But during the shoot I was focused on my own acting and David handled the other actors as well as myself from the other side of the camera. Also like Sami, David was a great sport with the constant script changes till the end though I now understand the extra work it inflicted him when we were already swamped. David like Sami was an irreplaceable person to me for this movie.

Are you interested in directing your own films in the future?

Possible. For my own near future projects I will always rehearse and work on other actors’ characters and their lines as I see it in my mind or as my acting coach sees it which is a behind the scenes type of directing. 

But as long as I am acting a big role I want to focus on that fully. I did however shoot some first time stuff recently and it came out very good and I loved it so maybe possible one day.

What has been your biggest failure?

In my all over artistic life- that I let fear get in the way for years. Fear is paralyzing and can turn anyone into a deer in headlights.

What about your biggest success?

Completing Heart of the Home. Symbolically this means so much more to me then the eye sees. Through my hardest years, when I had no tools of coping with life, acting was my best friend, my escape, my savior. Also in life I have always paved my own way so I’m not surprised that I am busting down my own doors. 

I stopped hoping for someone to open it. I was a rebel growing up but I grew out of that, so this work is an internal dedication of love and honor to my parents as well. The amount of work put towards this film over 3 years was enormous. But it feels great to be done. So great. My biggest accomplishment no doubt.

Can you tell us about any upcoming projects you are working on?

Sami and I are done with the first draft of another horror feature. It still needs a lot of work. I am writing myself a dramatic feature called Troubled Daughter. I’m still in the early stages but I love how it’s coming out.

Are there specific actors or filmmakers you’d like to collaborate with?

You just reminded me to think of that lol.

What advice do you have for aspiring actors?

Know your craft. Less is more. Trust your own journey. Don’t compare in despair. Fear is an illusion. Striving for perfection immobilizes. This is the best time to be an actor. It is so simple to put out content and to find people to collaborate with. Stop complaining. 

If you truly are an artist it might not be the easiest path but it will be a path you cannot deny so you might as well enjoy it.  If you get rejected let it go and move on to next. And lastly the famous quote “There is no such a thing as a small part, only small actors.

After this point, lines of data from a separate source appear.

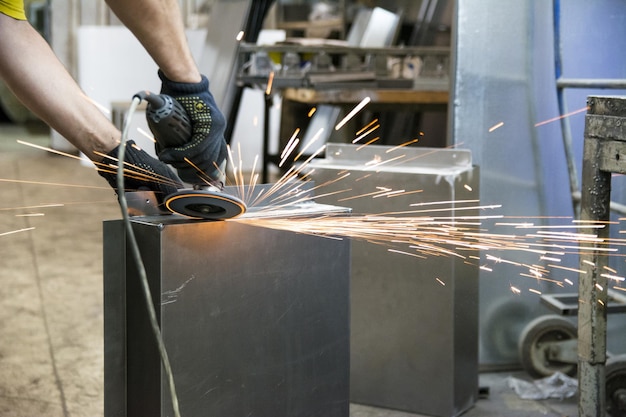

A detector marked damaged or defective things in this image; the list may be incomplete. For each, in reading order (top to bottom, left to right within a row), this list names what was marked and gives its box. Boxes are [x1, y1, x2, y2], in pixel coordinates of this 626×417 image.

rusty metal post [576, 95, 626, 416] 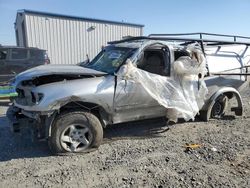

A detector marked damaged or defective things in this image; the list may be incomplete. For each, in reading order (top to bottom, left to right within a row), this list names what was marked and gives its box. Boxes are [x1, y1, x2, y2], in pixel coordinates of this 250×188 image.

damaged hood [13, 65, 107, 83]
shattered windshield [83, 46, 136, 74]
wrecked pickup truck [7, 33, 250, 153]
torn sheet metal [118, 47, 208, 122] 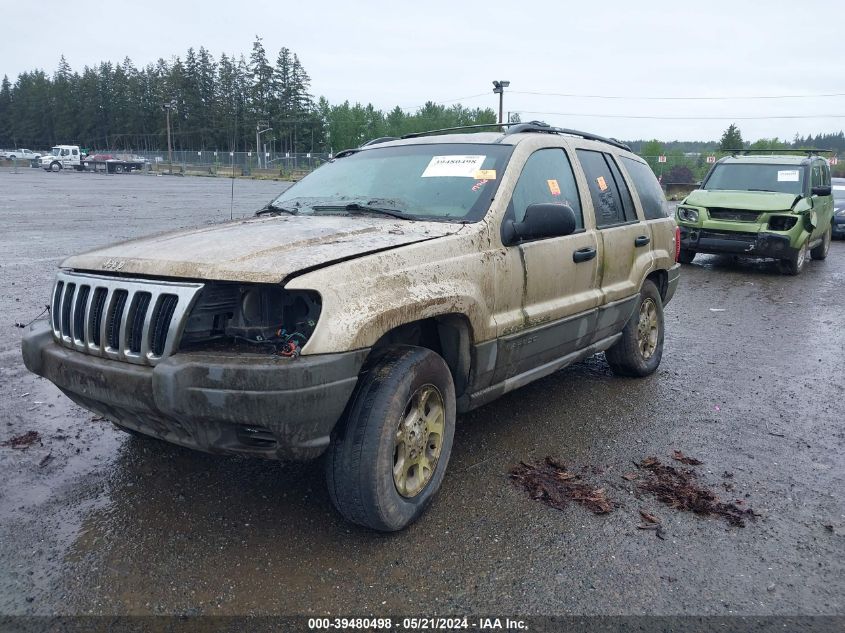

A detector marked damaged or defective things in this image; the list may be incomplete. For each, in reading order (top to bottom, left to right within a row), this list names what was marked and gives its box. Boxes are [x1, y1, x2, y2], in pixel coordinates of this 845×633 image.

What’s your favorite film of all time?

So many good ones it would be impossible to name one. Casablanca, A Streetcar Named Desire, Some Like It Hot, Vertigo, The Shining, One Flew Over the Cuckoo’s Nest, Gia, Rocky, Pulp Fiction, Slumdog Millionaire, Misery, The Reader, Fight Club, The Dark Knight, The Silence of the Lambs, No Country for Old Men, The Godfather, Scent of a Woman, The Devil Wears Prada, and Dumb and Dumber. I will stop there :)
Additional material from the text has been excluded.